El mejor Riquelme, campeón de la Libertadores 2007. (EFE)

El mejor Riquelme, campeón de la Libertadores 2007. (EFE)
Nadie puede dudar de que Riquelme fue (es) un fenómeno. Y al que no coincida que le pregunte a Ronaldinho, a Ronaldo, a Iniesta o a Messi. O a Pablito Aimar, socio en la cancha y uno de sus grandes amigos afuera. La amistad con el cordobés le valió un cariño -nunca admitido- por los hinchas de River (el respeto ya lo tenía). Román y Aimar se profesaron admiración y sin falsa modestia opinaban que el que jugaba mejor de los dos siempre era el otro.
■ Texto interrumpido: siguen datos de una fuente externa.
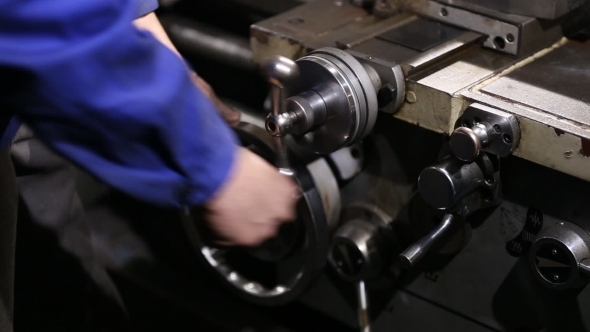 Operator Turns The Handle To Move The Cutter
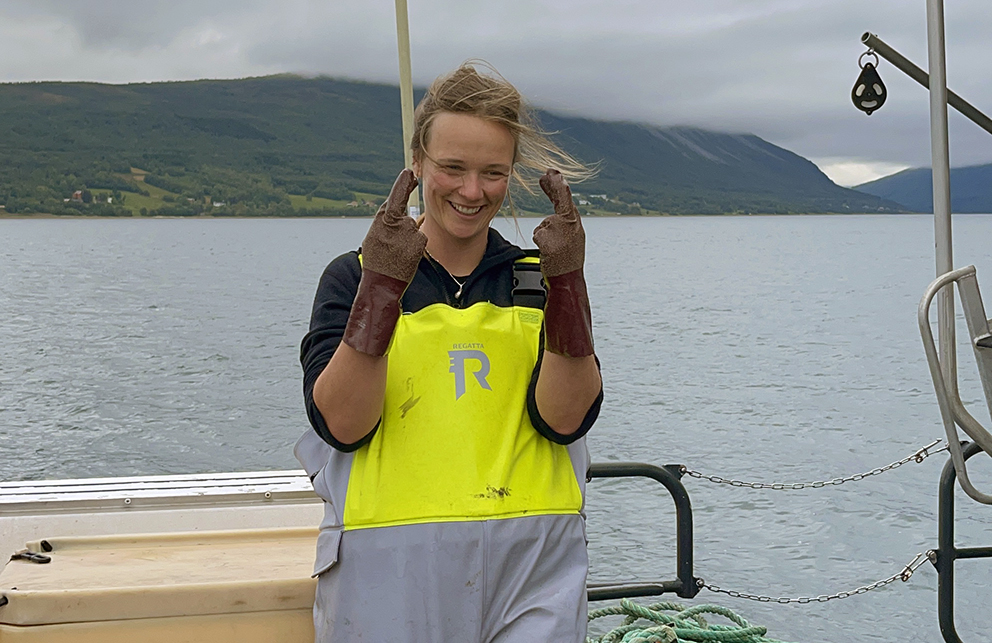Johanna står på dekk og krysser fingrene på begge hender. Hun har hansker på.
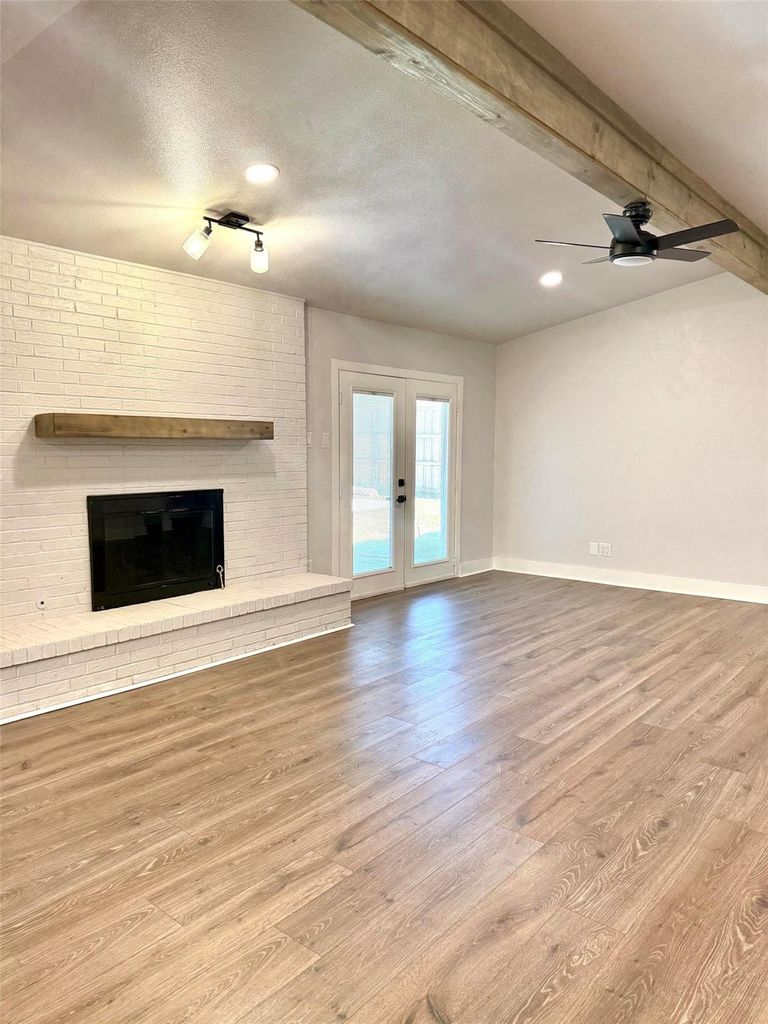 Unfurnished living room with a fireplace, french doors, wood finished floors, a ceiling fan, and a textured ceiling
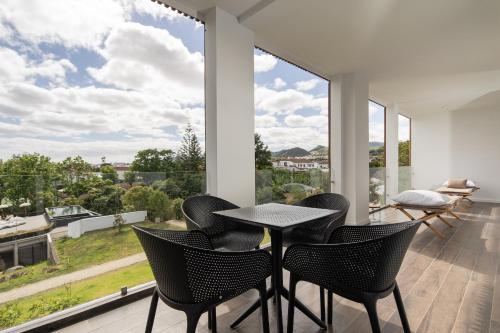 a dining room with a table and chairs and a large window at Senhora da Rosa, Tradition & Nature Hotel in Ponta Delgada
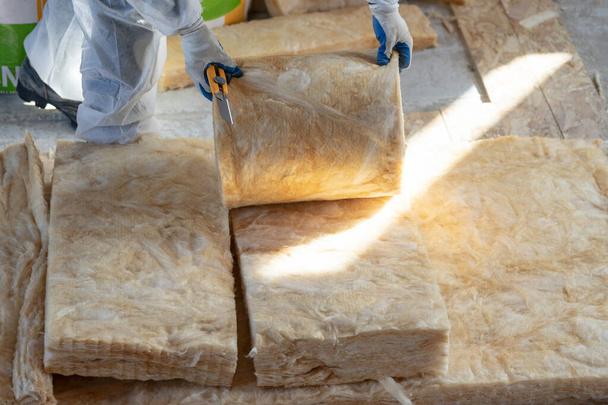 Professional foreman installing thermal insulation rock wool under the roof - Photo, Image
Riquelme es un estratega. Hábil declarante, siempre sabe cuándo hacer la pausa y cuándo acelerar. Esperó el momento indicado (se tomó 9 años) y ahora sale de vuelta a la cancha, a una Bombonera repleta que lo ovacionará como la primera vez. Reunirá a las más grandes estrellas de nuestro fútbol y dará un golpe sobre la mesa de cara a las elecciones de diciembre, cuando buscará ser reelecto para seguir «defendiendo al club de aquellos que quieren usarlo para la política». El fútbol es un acto político y Riquelme el mejor jugador de todos.

Riquelme en la Bombonera. (Juan Manuel Foglia)

Riquelme en la Bombonera. (Juan Manuel Foglia)
Juan Román Riquelme es el líder y el conductor del pueblo xeneize. Es como Perón bostero o como el Indio Solari, otro fanático del diez, que le dedicó un poema: «Probablemente no consiga nunca que su destino sea nada más que el eco de sus deseos. Debe, entonces, ser lo suficientemente valiente como para que el temor no le impida a su apetito amoroso exponer lo que cree que debe expresar. Aceptará que su destino sea relativo pasajero y violento. Sus emociones, sus reflexiones y sus juicios personales, si no toma por asalto la esquiva belleza, no son nada. De lo extraordinario y extraño debe nutrirse su estilo (que nunca es neutral)». ¿Cuántas Bomboneras podrían llenar juntos el Míster y Román?

Acepta Román -entonces- que está de paso, pero ahora que controla el viaje otra vez bajo su suela, intentará que sea un poco más largo. Todavía le quedan trucos en su galera. Y cuando el domingo pise el césped y el coliseo vuelva a rugir por su César, volveremos a sentir cómo se eriza la piel de Román.